* Source material:
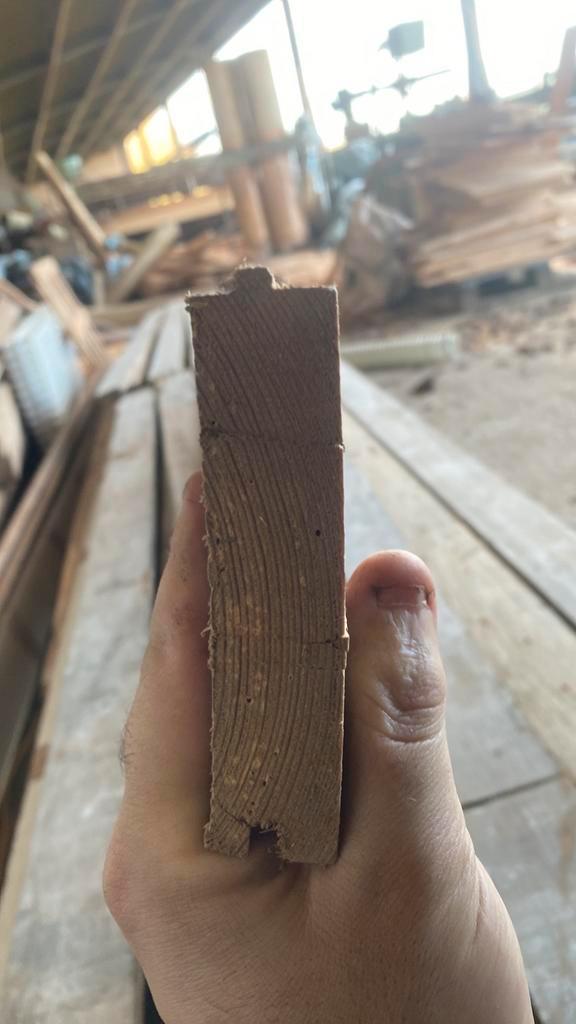 Oude houten vloer, Doe-het-zelf en Bouw, Hout en Planken, Zo goed als nieuw, Vuren, Ophalen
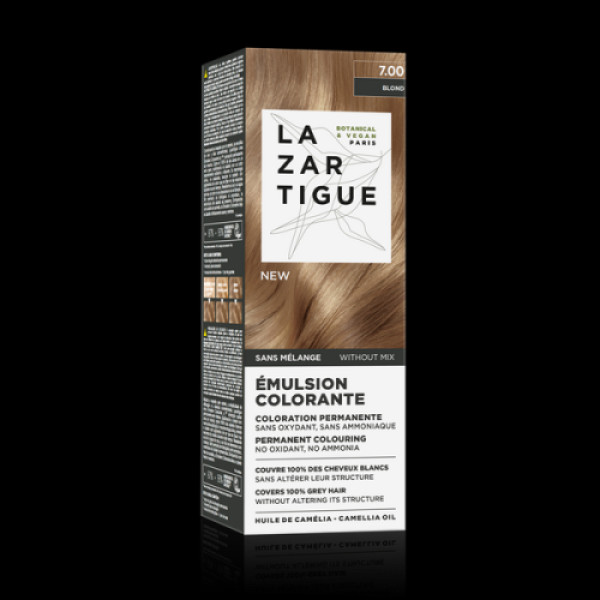 Lazartigue Emulsão Coloração_ 7.00 Louro - 60mL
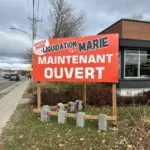 épicerie liquidation marie — CA news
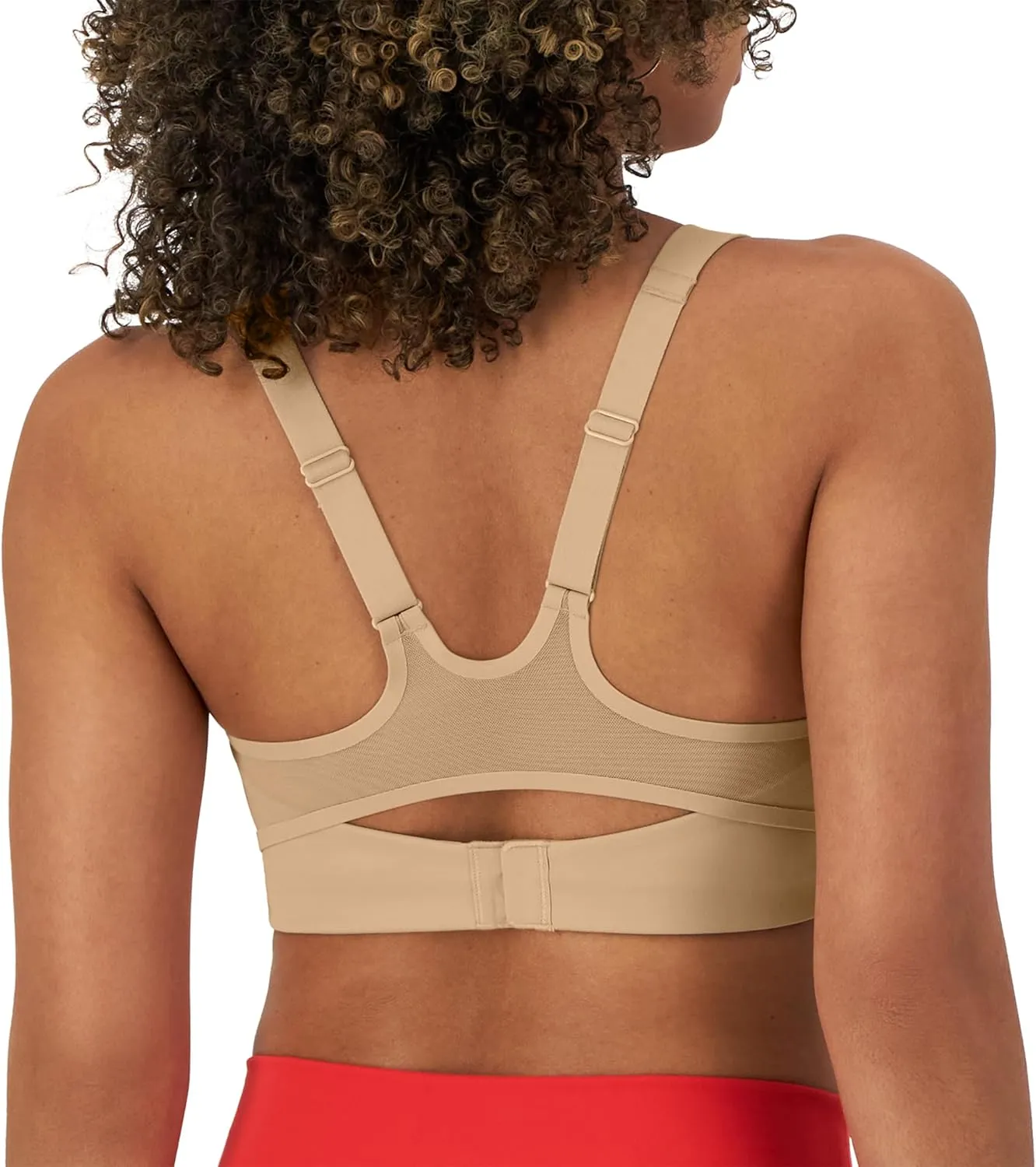 Champion Women'S Sports Bra, Motion Control, High Impact Sports Bra For Women (Hybrid Sizes)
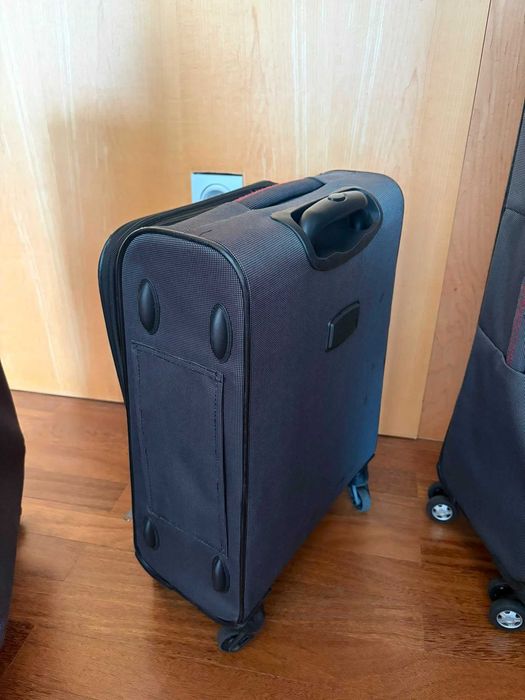 Conjunto 3 malas Topmove (cabine + média + grande)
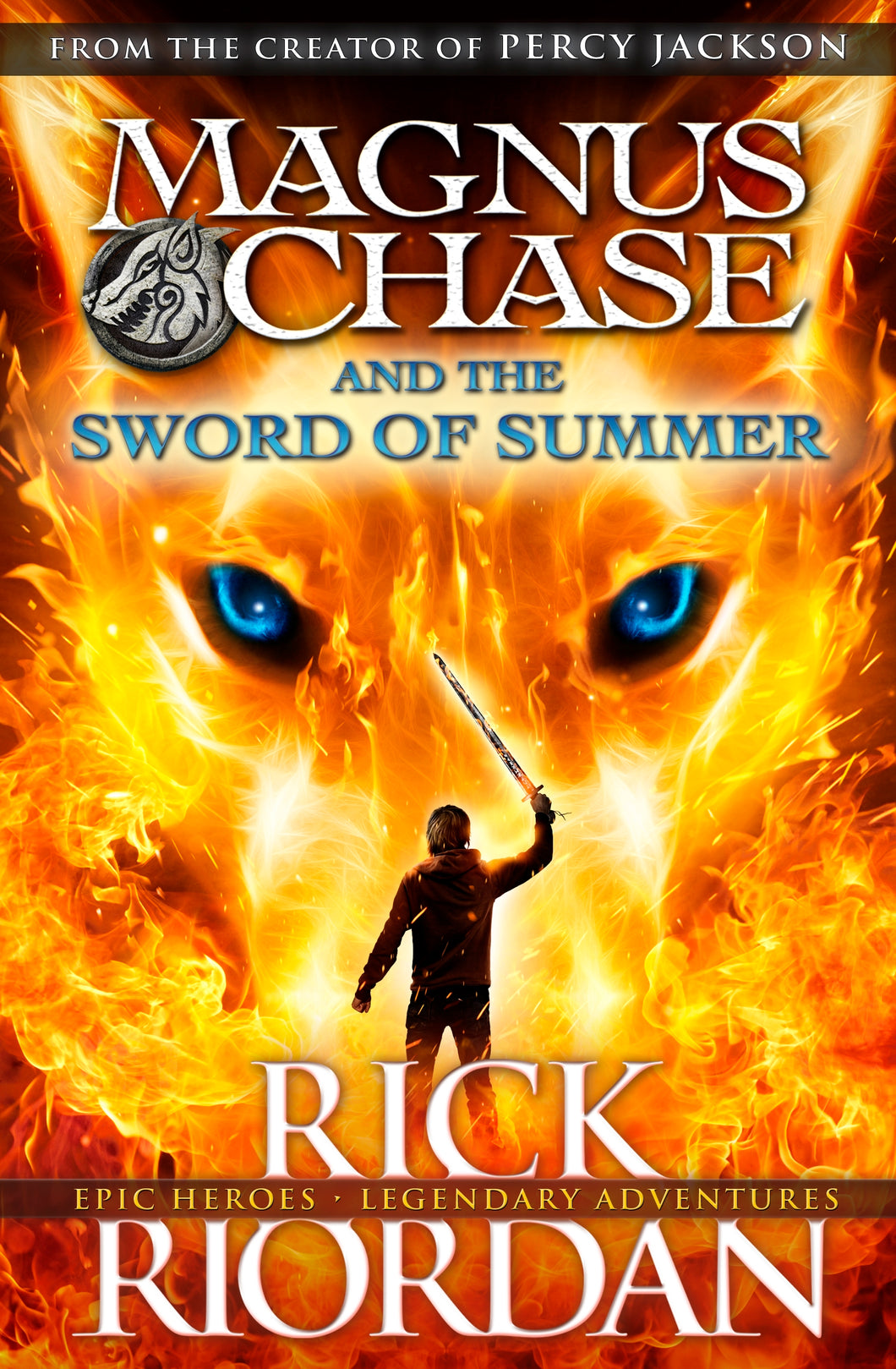 MAGNUS CHASE AND THE SWORD OF SUMMER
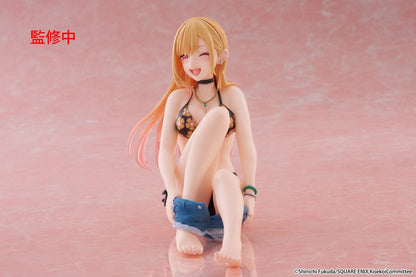 My Dress-Up Darling PVC Statue Desktop Cute Figure Marin Kitagawa Measured Swimsuit Ver. 13 cm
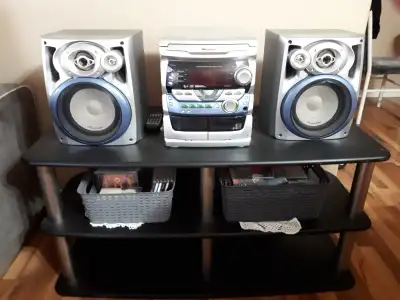 Pioneer Stereo System With Cassette and CD Player, View more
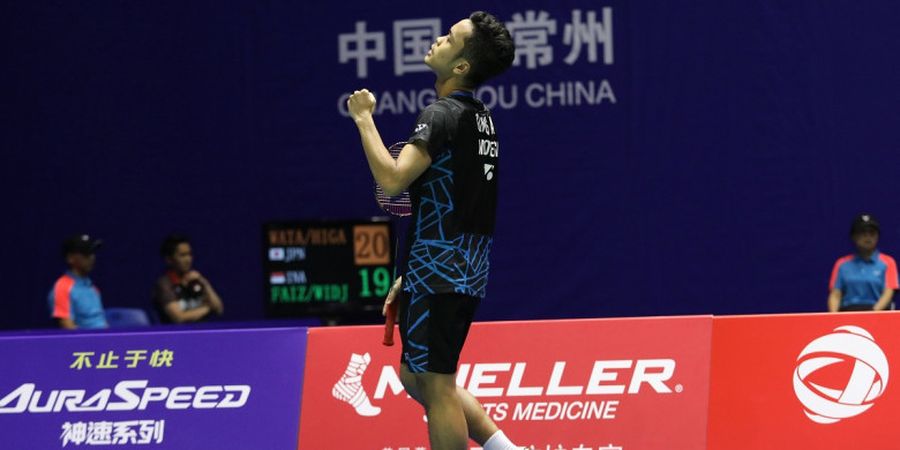 China Open 2018 - Situs Resmi BWF Sebut Indonesia Punya Hari yang Cerah pada Pertandingan-pertandingan Pembuka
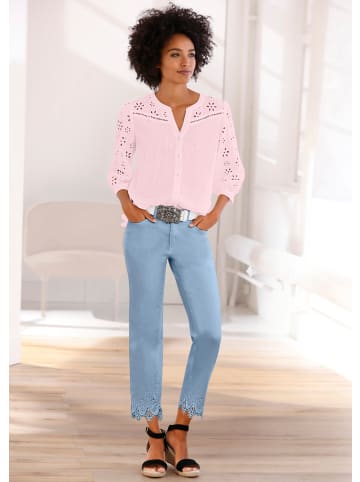 Heine Bluse in hellrosé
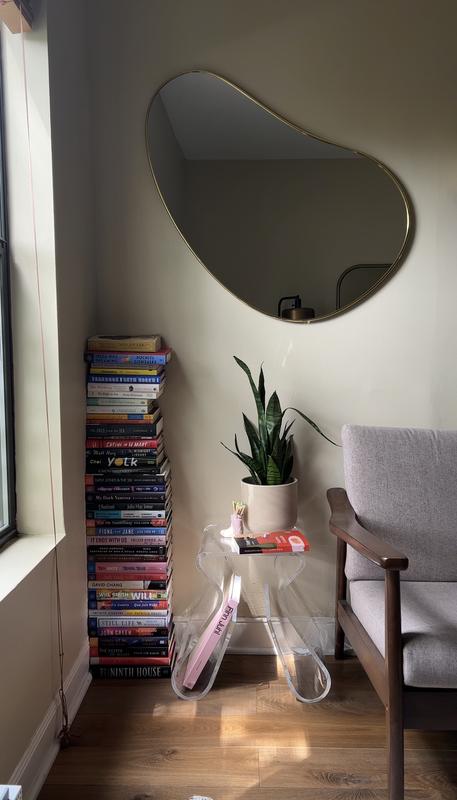 my favorite corner (also featuring Umbra's Magino stool!)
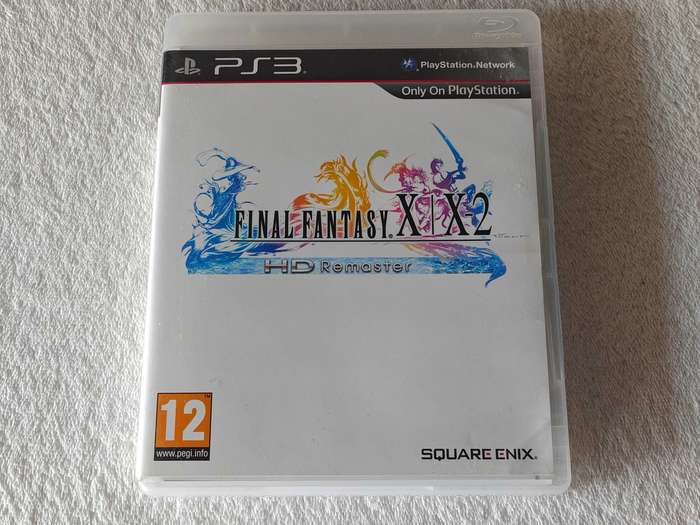 Final Fantasy X / X-2 HD Remaster - PS3/Playstation 3 Game
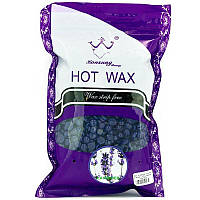 Горячий воск в гранулах для депиляции Konsung Hot Wax Лаванда 300g ON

* What you have to do:
Only the lines from the one with "MAGNUS CHASE AND THE SWORD OF SUMMER" through the last line of the records above are wanted, copied exactly and with pictures omitted.

* Solution:
 MAGNUS CHASE AND THE SWORD OF SUMMER
 My Dress-Up Darling PVC Statue Desktop Cute Figure Marin Kitagawa Measured Swimsuit Ver. 13 cm
 Pioneer Stereo System With Cassette and CD Player, View more
 China Open 2018 - Situs Resmi BWF Sebut Indonesia Punya Hari yang Cerah pada Pertandingan-pertandingan Pembuka
 Heine Bluse in hellrosé
 my favorite corner (also featuring Umbra's Magino stool!)
 Final Fantasy X / X-2 HD Remaster - PS3/Playstation 3 Game
 Горячий воск в гранулах для депиляции Konsung Hot Wax Лаванда 300g ON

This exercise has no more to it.